Nokia Symbian. Many Nokia devices support this category's PIN requirement, as well as the good-to-have options.

For Exchange users, Nokia supports the full set of EAS policies and management capabilities. For Notes users, IBM offers the Lotus Notes Traveler application to secure Notes email, calendars, and contacts, and to remote-wipe that data. If you want to manage Nokia devices, the Good for Enterprise server bundle can do the trick for some models such as the S60, if you're using Exchange or Notes/Domino.

For Novell GroupWise, you're limited to older devices that use the discontinued Nokia IntelliSync technology, which also requires you to have GroupWise Mobile Server in place.

Palm Pre. WebOS supports this category's PIN requirement and in-transit message encryption. If you use Exchange, you can also issue more complex password requirements via EAS policies and remote-wipe the device.

Note that the WebOS does not support one good-to-have security option for this category: on-device encryption. If that's critical, you can use the Good for WebOS app, which provides email, calendar, and contact access to both Exchange and Notes servers.

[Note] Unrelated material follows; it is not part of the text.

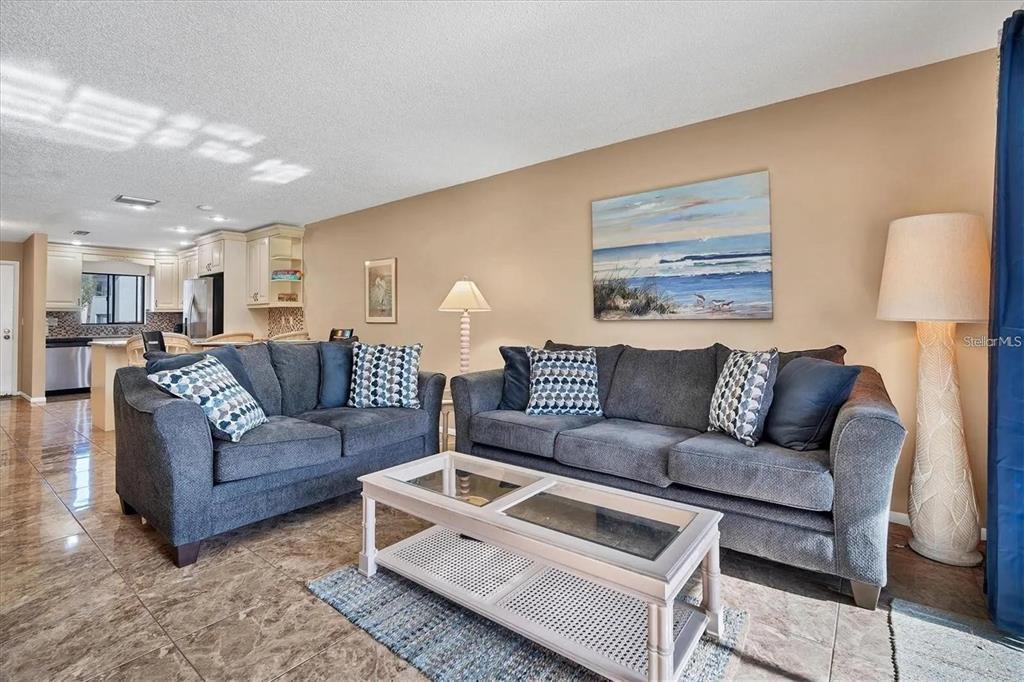 1624 Stickney Point Road, Unit 108 Sarasota, FL 34231 - Photo 5 of 39 a living room with furniture and a couch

The app can require a password, encrypt messages and other data, and remote-wipe messages and other data stored within the app. Of course, using it requires having a Good for Enterprise server in place.

RIM BlackBerry. The BlackBerry supports this category's PIN requirement and all the good-to-have options -- if you use the BES or BES Express servers in addition to your Exchange, Notes, or GroupWise server. The new free BES Express server software makes BlackBerry management a viable option for small businesses that use Microsoft Exchange. Without BES, the BlackBerry can have a PIN set on the device itself and can encrypt in-transit messages.

If you run Microsoft Exchange and want to use its EAS policies instead of relying on BES (such as if you support other smartphones in addition to BlackBerrys), there are third-party tools that let the BlackBerry support EAS, including AstraSync and NotifySync.